# Cardomain update



## mtcookson (Jul 16, 2003)

Finally got around to updating my cardomain site again. I added the links to my videos to the front page and also added one of my new mods to the modifications sectiosn.

http://members.cardomain.com/mtcookson


----------



## nagal (Feb 13, 2003)

its about time ive been waiting for you to write me back!


----------



## mtcookson (Jul 16, 2003)

oh man, sorry about that. i must have totally forgot. that tends to happen to me with all of the e-mail and stuff i get.


----------



## nagal (Feb 13, 2003)

i was kidding!! im still on the hunt for my engine this crap gets dam confusing tho.

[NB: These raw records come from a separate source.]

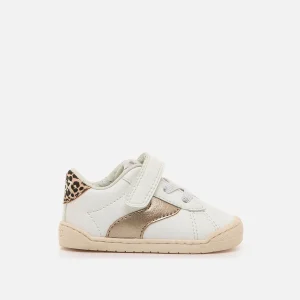 ZAPATILLAS MUSTANG FREE BABY 49304- BAREFOOT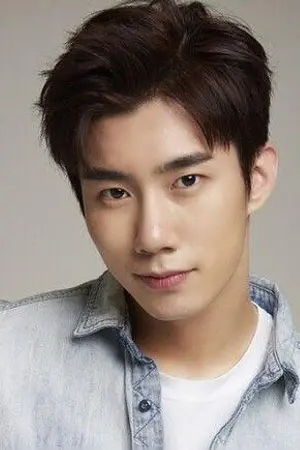 Son Woo Hyun
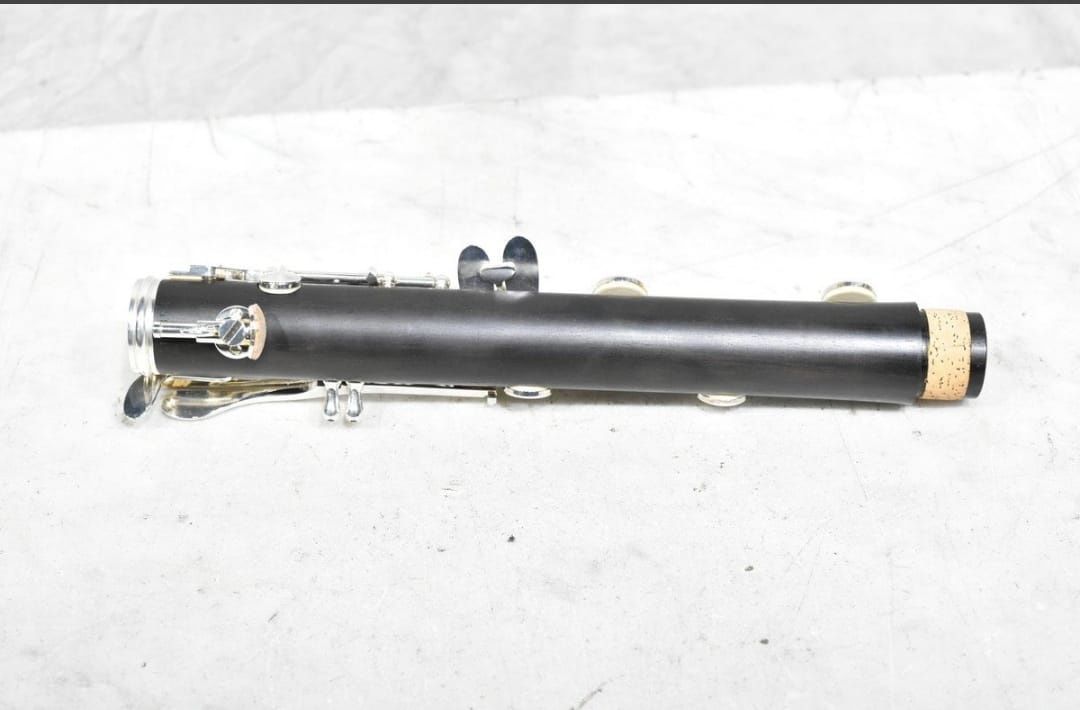 Clarinete Yamaha YCL 450
850 euros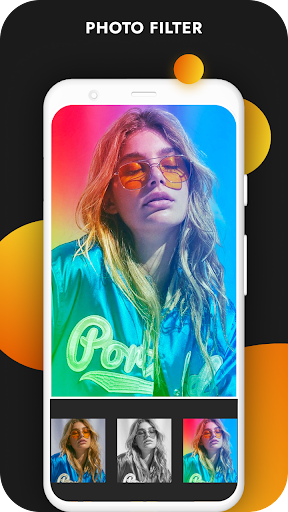 Remove Background BG Changer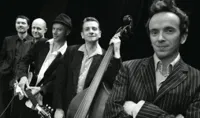 Drew Davies Rhythm Combo - 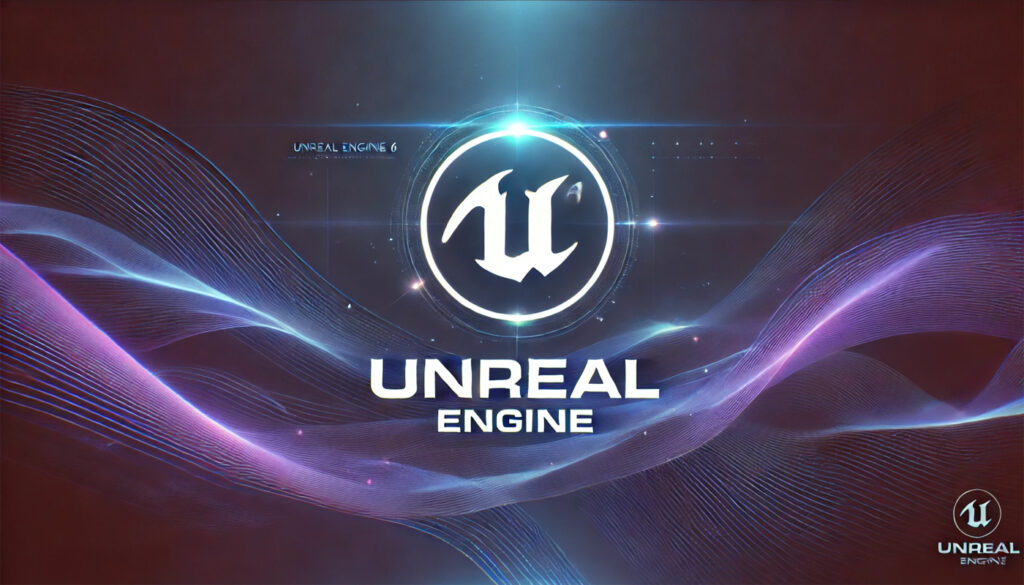 Unreal engine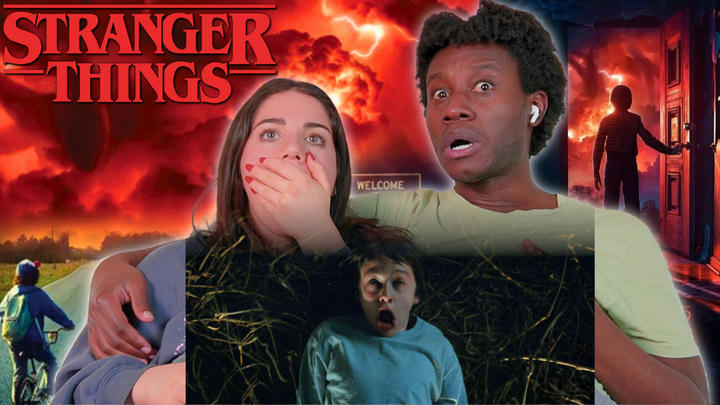 Stranger Things (Season 2 - Episode 5)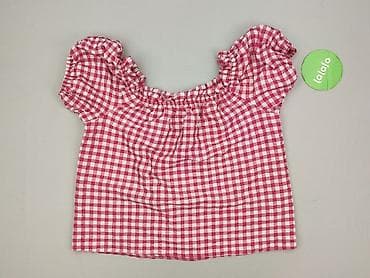 polo ups: Women`s top, size M — 2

Im just trying to find the perfect engine to order.


----------



## mtcookson (Jul 16, 2003)

i'm check out www.z31.com and www.car-parts.com for some

i looked at ebay today and didn't see any but they do pop up every now and then. also, you can search for importers but the price will generally be a bit higher if you're willing to spend a bit more.


----------



## schebs240 (Apr 13, 2004)

looks nice, just not to fond of the headlights, kinda ricey


----------



## mtcookson (Jul 16, 2003)

schebs240 said:


> looks nice, just not to fond of the headlights, kinda ricey


yeah, my headlights still need some work. there are gaps and they are misaligned which make it look terrible. i did the swap for the light difference mostly so i didn't take much time on making them look good. that's the next thing i have to do with them. definitely can't beat how well they illuminate the road though.


----------



## schebs240 (Apr 13, 2004)

Thank god, at least you know I hate people that neglect imperfection. I had a 89 and it kicked azz, fast azz car. how does it go with the turbo? and was that SOHC or DOHC?


----------



## mtcookson (Jul 16, 2003)

with the turbo it is extremely fun. i'm not sure what it does in the quarter mile yet but i'm hoping for at the least high 14's. it ran 16.4 stock so if i can make it into the 14's i'd be very happy with the improvement.

the engine that is in it is the sohc vg30et.


----------